- Born: Hilary June Park 1920 Hampstead
- Died: 2018 (aged 97–98)
- Education: Architectural Association School of Architecture
- Occupation: Architect
- Spouse: Cyril Mardall

= June Park (architect) =

British architect

Hilary June Park (1920–2018) was a British architect and author known for her contributions to post-war modernist architecture and architectural writing. She worked independently and in partnership with her second husband, Cyril Mardall.

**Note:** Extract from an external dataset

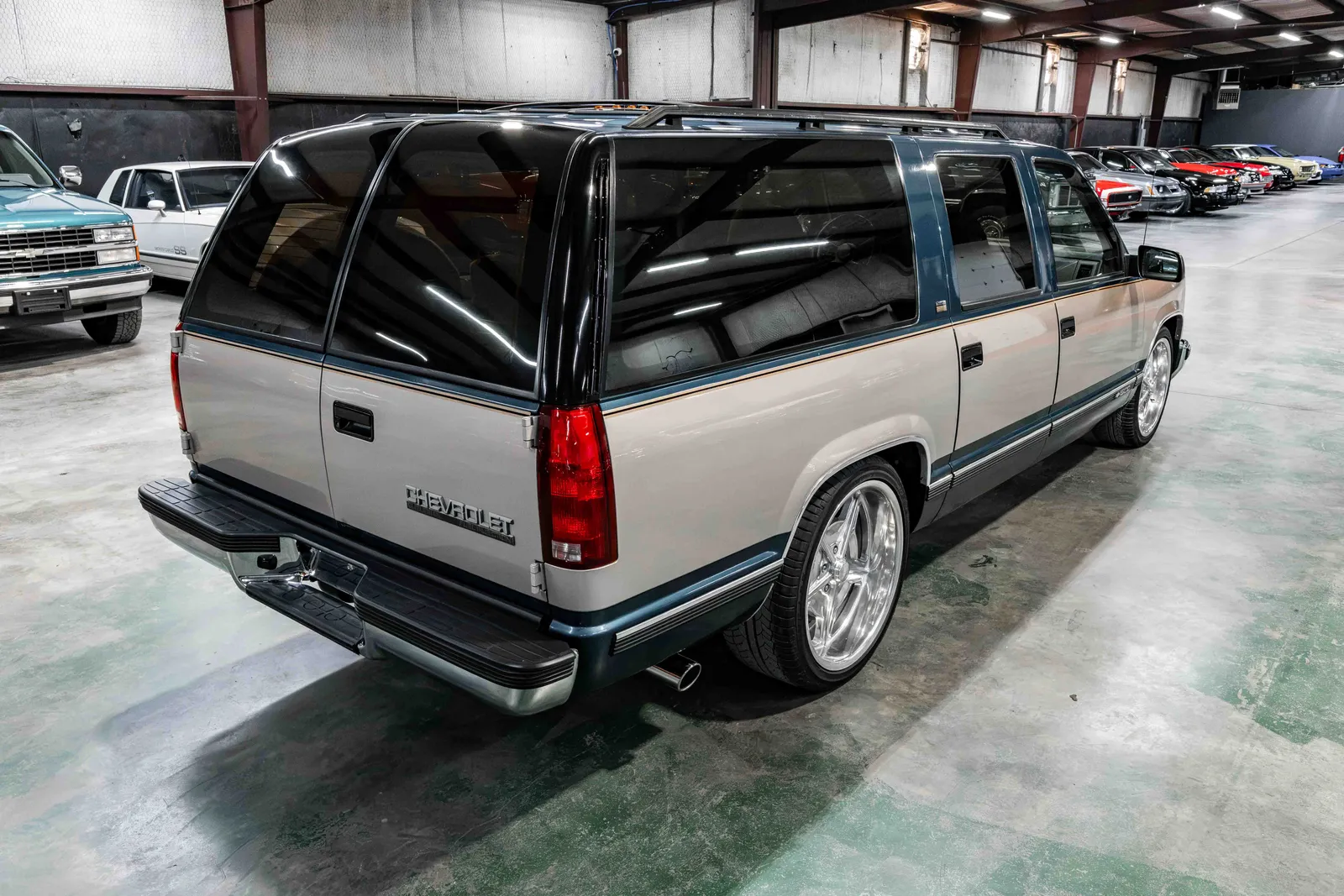 1993-Chevrolet-Suburban-Medium-Dark-Teal-Beige-Metallic-345735-37.jpg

== Early life and education ==
June Park was born in Hampstead, the daughter of the renowned British portrait photographers Bertram Park and Yvonne Gregory. From 1938 she studied architecture at the Architectural Association School of Architecture in London, where she was taught by influential figures such as Felix Samuely and Frederick Gibberd.

== Life and career ==
After graduating, Park worked in the offices of Frederick Gibberd and Edward Mills, and was elected an Associate of the Royal Institute of British Architects (ARIBA) in 1944. In 1945 she established her own architectural practice. Her early works in the modernist style included a private house in Beaconsfield, Buckinghamshire (1947); two cottages for agricultural workers near Harlow and Roydon, Essex (1948); and the conversion of two houses for the Finnish Legation in Belgravia, London (1949). She also collaborated with the firm Yorke, Rosenberg & Mardall (YRM) on the design of Barclay Secondary School in Stevenage (1947).

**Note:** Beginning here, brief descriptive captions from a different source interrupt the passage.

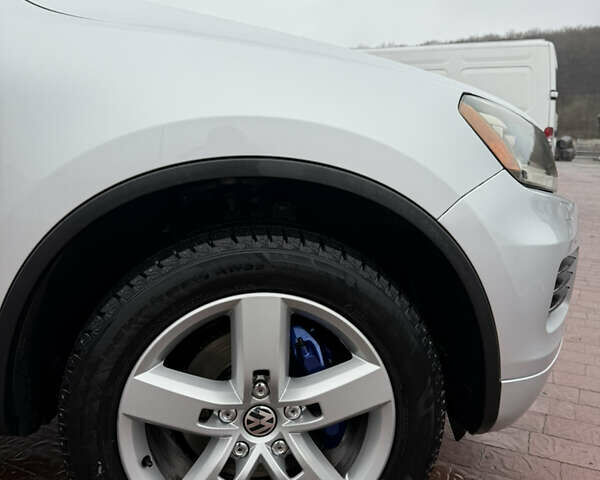 Серый Фольксваген Туарег, объемом двигателя 2.97 л и пробегом 210 тыс. км за 17499 $, фото 28 на Automoto.ua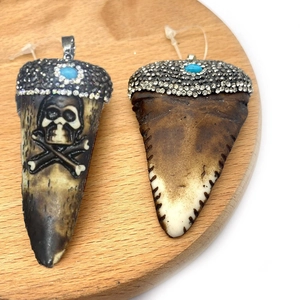 Ciondoli in resina di pietra naturale con teschio inciso e chiusura con strass neri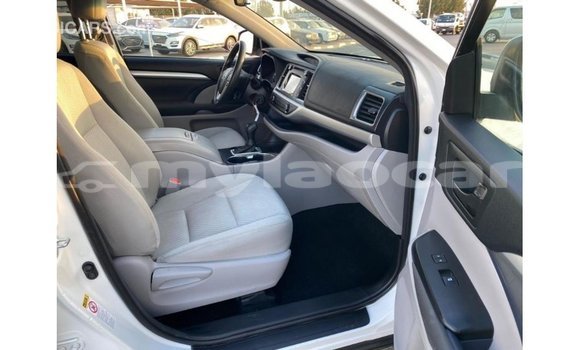 Buy Import Toyota Highlander White Car in Import - Dubai in Attapeu Province Buy Import Toyota Highlander White Car in Import - Dubai in Attapeu Province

In 1951 June Park designed a new house at 7 Fitzroy Park, Highgate, London, for herself and her second husband, Cyril Mardall, as well as a slightly smaller house (7a) adjacent, for her mother-in-law. Both were concrete framed with brick infill but have since been altered. She also designed the sauna in the basement of the Finnish Seamen's Mission and Church, London, designed by Cyril Mardall in 1958. In the 1970s and 1980s June Park and Cyril Mardall worked in partnership on residential projects in the West Indies and Ireland.

== Publications ==
June Park authored two books on modernist residential architecture:

- Houses and Bungalows (1958)
- Houses for Today (1971)

== Personal life ==
June Park's first husband was David Francis Rivers Bosanquet. On 17 January 1947 she married Cyril Mardall (formerly Sjöström), a Finnish-born British architect and co-founder of Yorke, Rosenberg & Mardall (YRM). They had one son and one daughter and lived In Fitzroy Park, Highgate, London in a house she designed. June Mardall died in 2018.